William Bennett, a conservative Republican, well describes the most pressing social problem of our time in his book (with co-authors), Body Count (Simon & Schuster, 1996). He makes crystal clear the connections between crime and psychoactive substance abuse. He reports on page 66, What the literature suggests is that alcohol, like drugs, acts as a multiplier of crime
. An estimated 10.5 million Americans are alcoholics and 73 million Americans have been directly affected by alcoholism in some form. Indeed, talk to an ER doctor sometime about alcohol -- representative is Mike's note, take a look.
While I agree wholeheartedly with Bennetts definition of the problem I cannot now agree with all of his recommended solutions. Despite the fact that he reports on pages 178-9 that the best studies (including one by Rand Corp.) have found that a dollar spent on treatment programs is worth seven spent on interdiction efforts, he ends the book with a focus on increasing interdiction efforts. He bases this advice on his interpretation of one-year increase in cocaine prices (in the U.S.) associated with production disruptions in Colombia. That is, according to Bennett, Interdiction works, just look at 1990.

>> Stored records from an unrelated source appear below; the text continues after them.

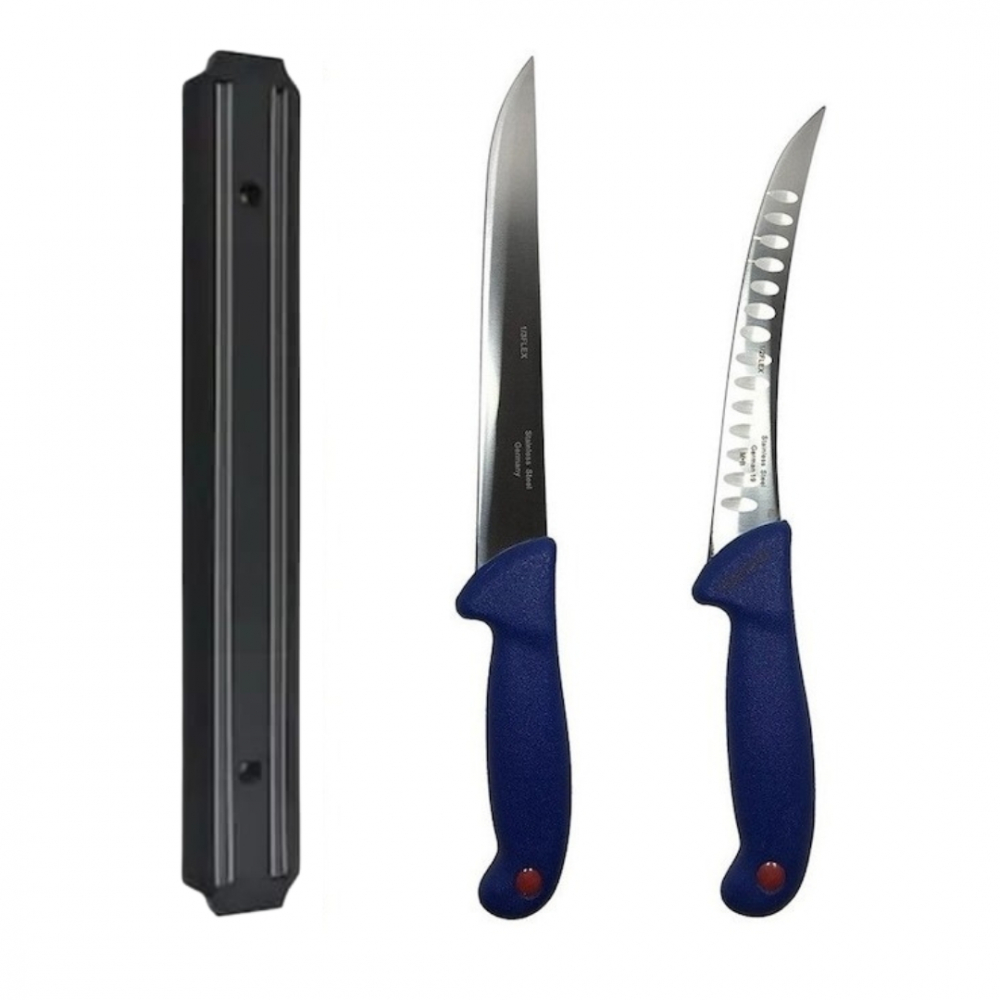 Set cutite profesionale de macelarie, filetat, transat, dezosat, 2 cutite, otel carbon, suport magnetic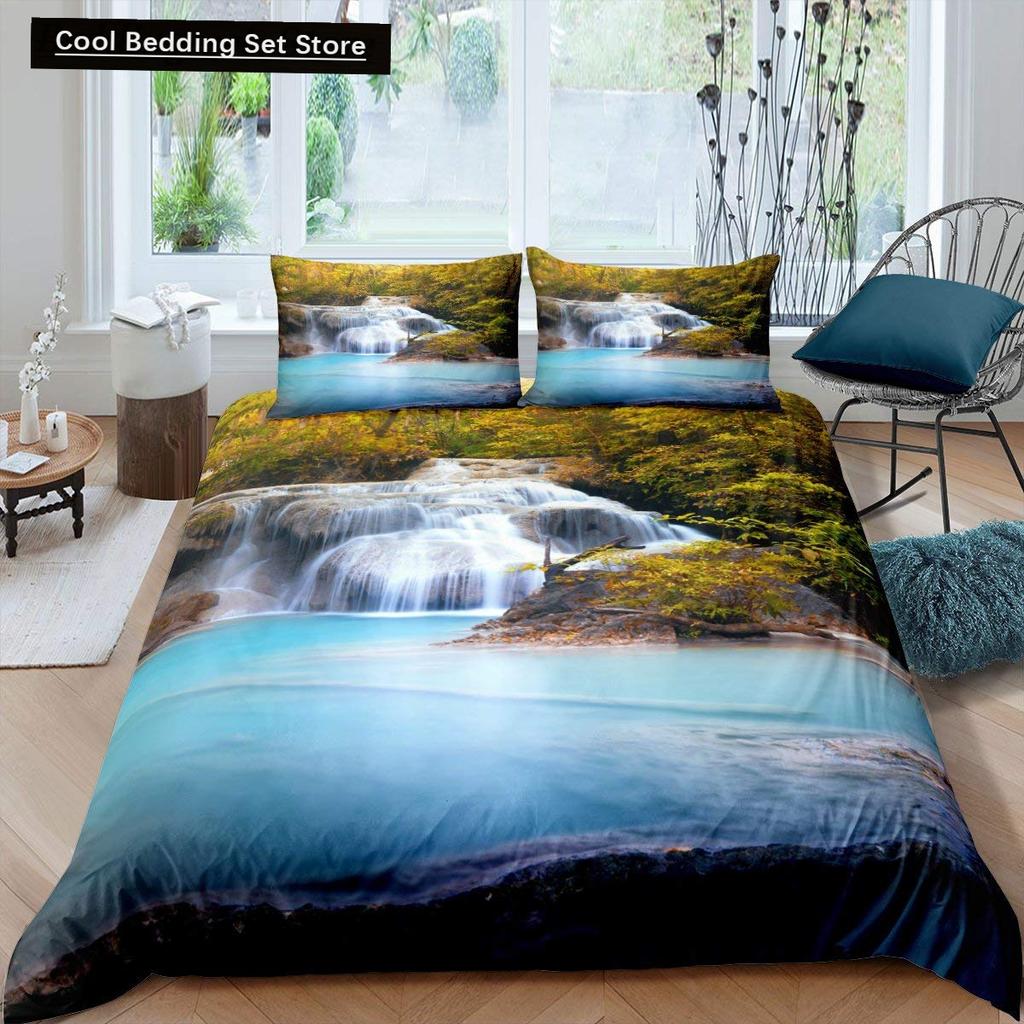 Waterfall king Queen Duvet Cover Floral Trees Bedding Set Natural landscape quilt cover Purple Dream polyester Comforter Cover
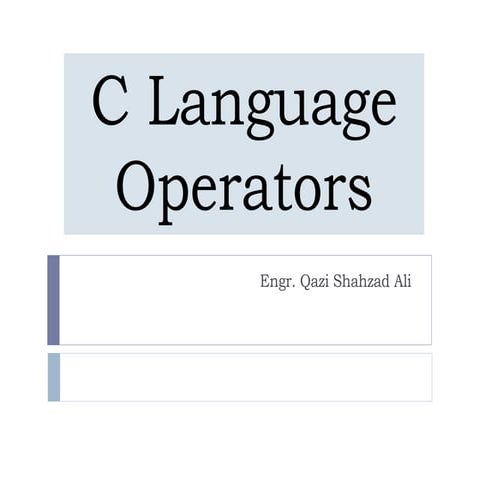 Operators in C Programming | PPT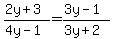 %282y%2B3%29%2F%284y-1%29=%283y-1%29%2F%283y%2B2%29
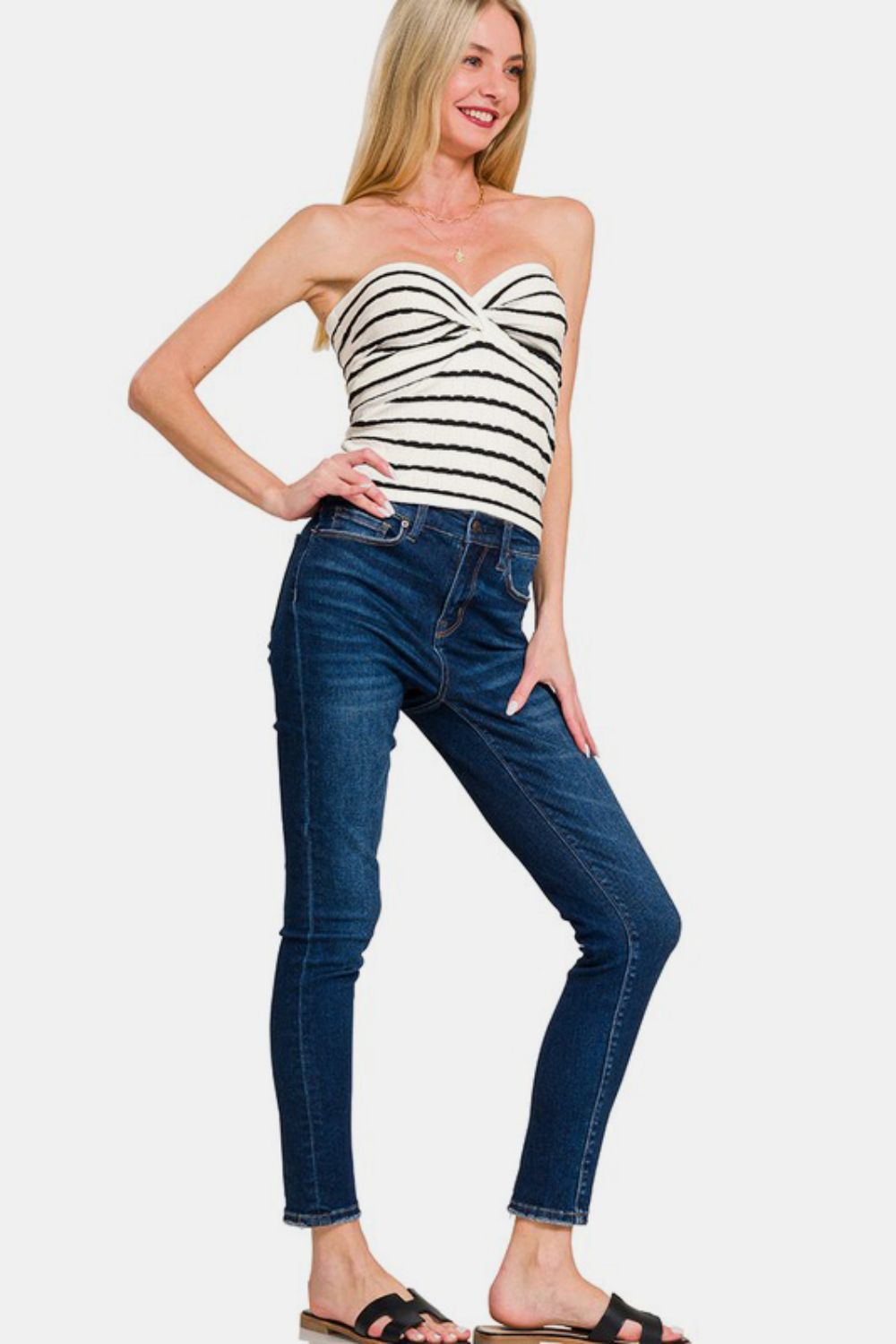 Twisted Sweetheart Striped Top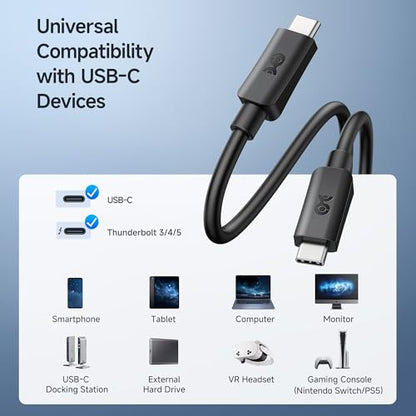Cable Matters Long USB C Monitor Cable - 8.2ft / 2.5m, Supports Up to [4K@60Hz Video, 240W Charging, 5Gbps Data Transfer], USB C Display Cable, USBC Video Cord, Works with CarPlay, Android Auto - size: 8.2 ft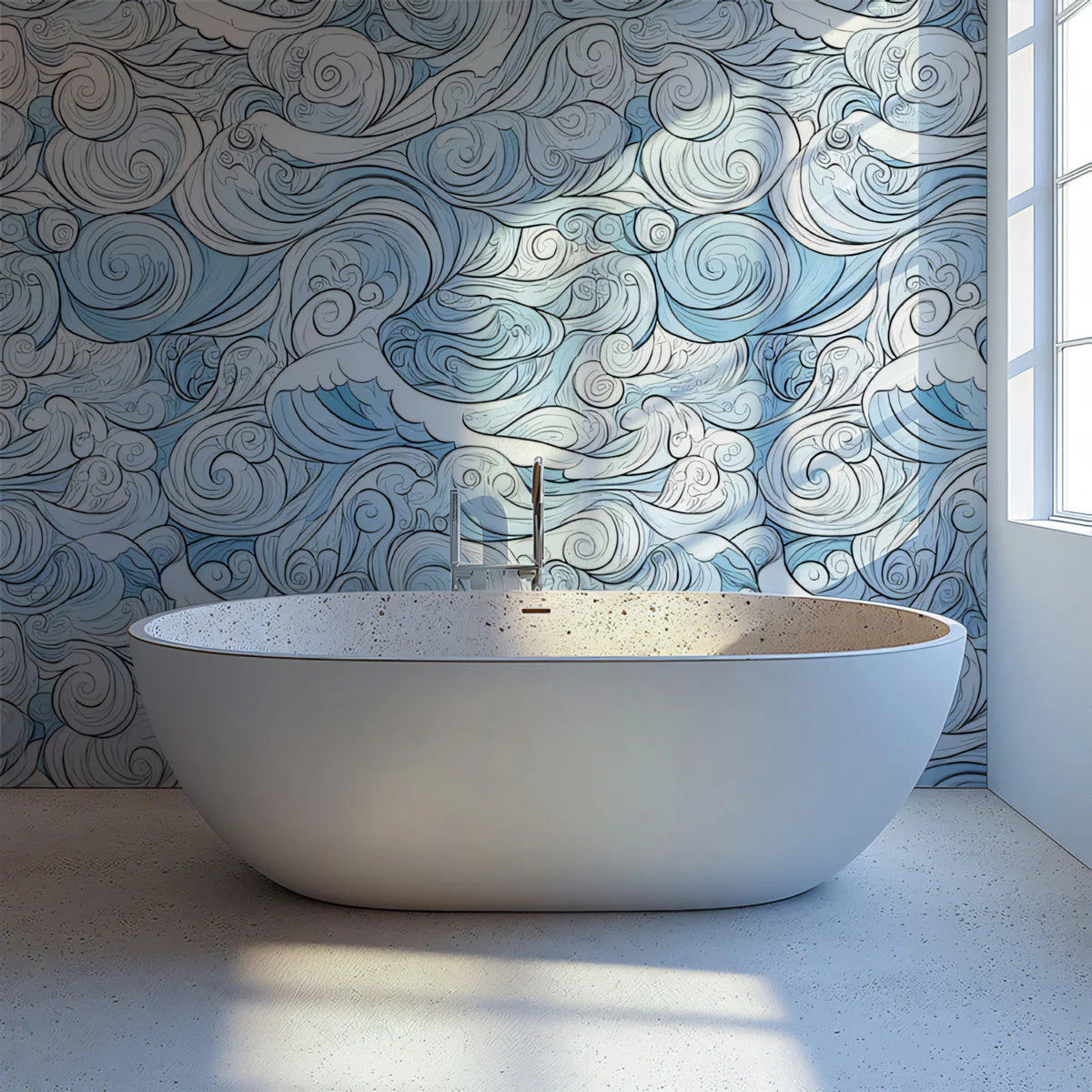 Whirling Seafoam Mural Wallpaper — Artistic Fluid Line Design Mural Wallpaper - pure wallpaper artwork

Apparently the Drug War czar, former general Barry McCaffrey liked Bennetts reasoning because he received Congressional approval to spend an additional $1.5 billion on Colombian interdiction efforts this next year. If we believe the Rand study, that translates into $10.5 billion worth of reduced consumption if the funds were spent on treatment programs in America instead on jungle fighting in Colombia.
Moreover, we now have more data to look at than the 1990 figure that Bennett saw as so crucial to his prescriptions. And the news is grim indeed. A February 1999 study by ABT Associates prepared for the Office of National Drug Control Policy shows prices for cocaine on American streets falling continuously through the 1980s and 1990s. In 1983 the street price for a gram of cocaine was about $350 and now its about $200. These data raise very serious questions about the potential success of interdiction efforts.